Gauging the financial success of a film is difficult, and because there is no reliable definition, what makes a box-office bomb can be very subjective. Not all films that fail to earn back their estimated costs during their theatrical runs are bombs, and the label is generally applied to films that miss earnings projections by a wide margin, particularly when they are very expensive to produce, and sometimes in conjunction with middling or poor reviews (though critical reception has an imperfect connection to box office performance).
Beginning in the 1980s, cinemas started to drop movies that suffered a poor opening weekend. This made the performance of a film on its opening weekend much more crucial to its perception. With the growth of the Internet during the 1990s, chat rooms and websites enabled negative word of mouth to spread rapidly.
A troubled production history is sometimes also the case, as it was with Heaven's Gate, which famously went three months over schedule and saw its budget mushroom from $7.5 million to $36 million. These facts caught the ears of journalists and critics who were refused access to the film's set by director Michael Cimino, and upon its release the film was abhorred by the American press.
Films may attract low ticket sales if they are released against heavy competition from other movies also in theaters at the same time. A notable example of this was the 1946 film It's a Wonderful Life. The film was a financial loss for RKO because it was pitted against the highly successful films Miracle on 34th Street and The Best Years of Our Lives. However, it became highly popular during the television era and is now considered a Christmas classic.

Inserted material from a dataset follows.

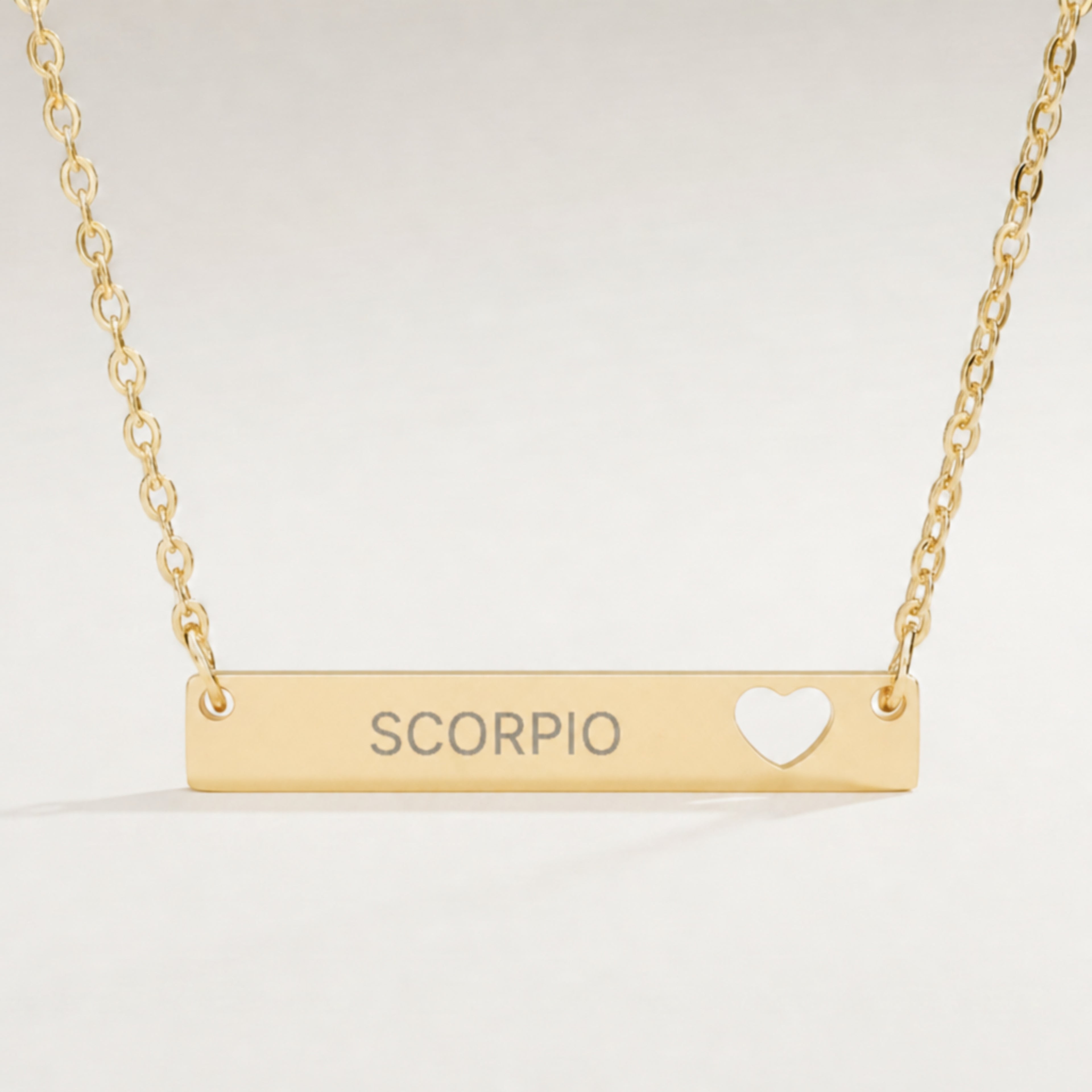 Scorpio zodiac necklace close-up — 18K Gold polished cutout heart bar pendant with grey laser-etched SCORPIO, see-through heart cutout, premium macro on clean background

While it is rare, films which might otherwise have fared well may under-perform because of issues unrelated to the film itself, with the timing of the film's release being perhaps the most common. This was one of several reasons for the commercial failure of one of Hollywood's first "flops", Intolerance. Owing to production delays, the film was not released until late 1916, by which time the widespread anti-war sentiment it reflected had started to shift in favor of U.S. entry into World War I. While the film would later be considered groundbreaking, its failure drove D. W. Griffith's production company, Triangle Studio, out of business. Other examples include MGM's The Wizard of Oz and Walt Disney's Pinocchio, Fantasia and Bambi all of which under-performed merely because they were released during World War II, which cut off 60% of Hollywood's international release market. However, these films became popular and critically acclaimed in later years, especially the first, which has gone on to become one of the most iconic films in history.